## TASK DESCRIPTION
From the line that contains "Ishta Ring with Herkimer Quartz Crystal" to the last line of the entries, set down each line exactly as written, both ends included, with nothing else.

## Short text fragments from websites
◇ ◇ ◇

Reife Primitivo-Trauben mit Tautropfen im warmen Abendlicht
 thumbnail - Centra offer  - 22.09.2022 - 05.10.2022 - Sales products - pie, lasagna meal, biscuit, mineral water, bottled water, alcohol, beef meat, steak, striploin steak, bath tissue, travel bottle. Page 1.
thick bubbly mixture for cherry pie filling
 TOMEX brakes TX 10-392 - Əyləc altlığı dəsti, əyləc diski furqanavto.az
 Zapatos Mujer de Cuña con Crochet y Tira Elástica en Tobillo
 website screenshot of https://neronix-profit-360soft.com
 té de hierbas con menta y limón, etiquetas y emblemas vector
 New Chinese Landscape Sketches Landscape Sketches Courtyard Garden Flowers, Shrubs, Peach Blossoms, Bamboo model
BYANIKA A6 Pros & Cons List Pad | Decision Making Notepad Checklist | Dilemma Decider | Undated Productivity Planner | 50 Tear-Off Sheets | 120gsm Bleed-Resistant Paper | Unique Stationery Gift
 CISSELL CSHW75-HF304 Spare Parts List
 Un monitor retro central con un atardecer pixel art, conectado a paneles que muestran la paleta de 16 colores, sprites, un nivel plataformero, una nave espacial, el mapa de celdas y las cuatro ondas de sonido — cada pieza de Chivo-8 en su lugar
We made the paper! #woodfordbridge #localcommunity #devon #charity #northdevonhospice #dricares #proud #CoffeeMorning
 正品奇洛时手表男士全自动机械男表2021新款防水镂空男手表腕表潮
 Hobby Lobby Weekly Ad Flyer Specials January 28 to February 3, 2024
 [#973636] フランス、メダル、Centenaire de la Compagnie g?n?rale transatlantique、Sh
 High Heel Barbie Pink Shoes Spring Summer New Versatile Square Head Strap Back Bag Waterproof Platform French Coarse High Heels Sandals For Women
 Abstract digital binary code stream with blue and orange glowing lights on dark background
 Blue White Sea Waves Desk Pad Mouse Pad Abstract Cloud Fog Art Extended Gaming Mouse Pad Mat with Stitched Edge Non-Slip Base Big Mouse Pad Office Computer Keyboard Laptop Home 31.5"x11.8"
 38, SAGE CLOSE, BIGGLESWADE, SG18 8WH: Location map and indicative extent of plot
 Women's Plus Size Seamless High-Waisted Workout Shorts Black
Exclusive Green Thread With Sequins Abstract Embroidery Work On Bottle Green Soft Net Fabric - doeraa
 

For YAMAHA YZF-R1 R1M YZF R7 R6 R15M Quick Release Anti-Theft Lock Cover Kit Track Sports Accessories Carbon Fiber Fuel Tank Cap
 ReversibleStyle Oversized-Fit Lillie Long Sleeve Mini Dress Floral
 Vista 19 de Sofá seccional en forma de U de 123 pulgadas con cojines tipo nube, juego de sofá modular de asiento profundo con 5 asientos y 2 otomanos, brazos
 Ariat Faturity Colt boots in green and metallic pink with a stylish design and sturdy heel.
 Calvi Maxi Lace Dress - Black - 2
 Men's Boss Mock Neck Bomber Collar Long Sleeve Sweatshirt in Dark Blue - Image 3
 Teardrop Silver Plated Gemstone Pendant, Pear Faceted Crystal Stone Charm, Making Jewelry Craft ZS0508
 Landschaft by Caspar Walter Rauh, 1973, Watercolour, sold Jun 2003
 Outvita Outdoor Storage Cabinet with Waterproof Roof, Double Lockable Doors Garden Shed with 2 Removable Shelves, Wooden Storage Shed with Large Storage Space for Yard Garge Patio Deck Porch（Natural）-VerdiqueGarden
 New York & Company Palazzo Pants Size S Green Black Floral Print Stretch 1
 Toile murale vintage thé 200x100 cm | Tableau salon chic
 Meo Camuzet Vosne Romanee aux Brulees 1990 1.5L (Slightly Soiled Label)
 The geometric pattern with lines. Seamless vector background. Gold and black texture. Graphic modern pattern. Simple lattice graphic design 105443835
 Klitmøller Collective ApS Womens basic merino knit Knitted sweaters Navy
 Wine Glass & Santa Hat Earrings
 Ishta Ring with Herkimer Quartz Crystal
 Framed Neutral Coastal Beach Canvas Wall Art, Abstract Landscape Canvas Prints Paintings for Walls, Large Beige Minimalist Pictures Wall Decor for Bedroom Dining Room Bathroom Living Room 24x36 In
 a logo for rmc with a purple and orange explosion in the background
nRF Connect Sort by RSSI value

◇ ◇ ◇

## WRITTEN SOLUTION
 Ishta Ring with Herkimer Quartz Crystal
 Framed Neutral Coastal Beach Canvas Wall Art, Abstract Landscape Canvas Prints Paintings for Walls, Large Beige Minimalist Pictures Wall Decor for Bedroom Dining Room Bathroom Living Room 24x36 In
 a logo for rmc with a purple and orange explosion in the background
nRF Connect Sort by RSSI value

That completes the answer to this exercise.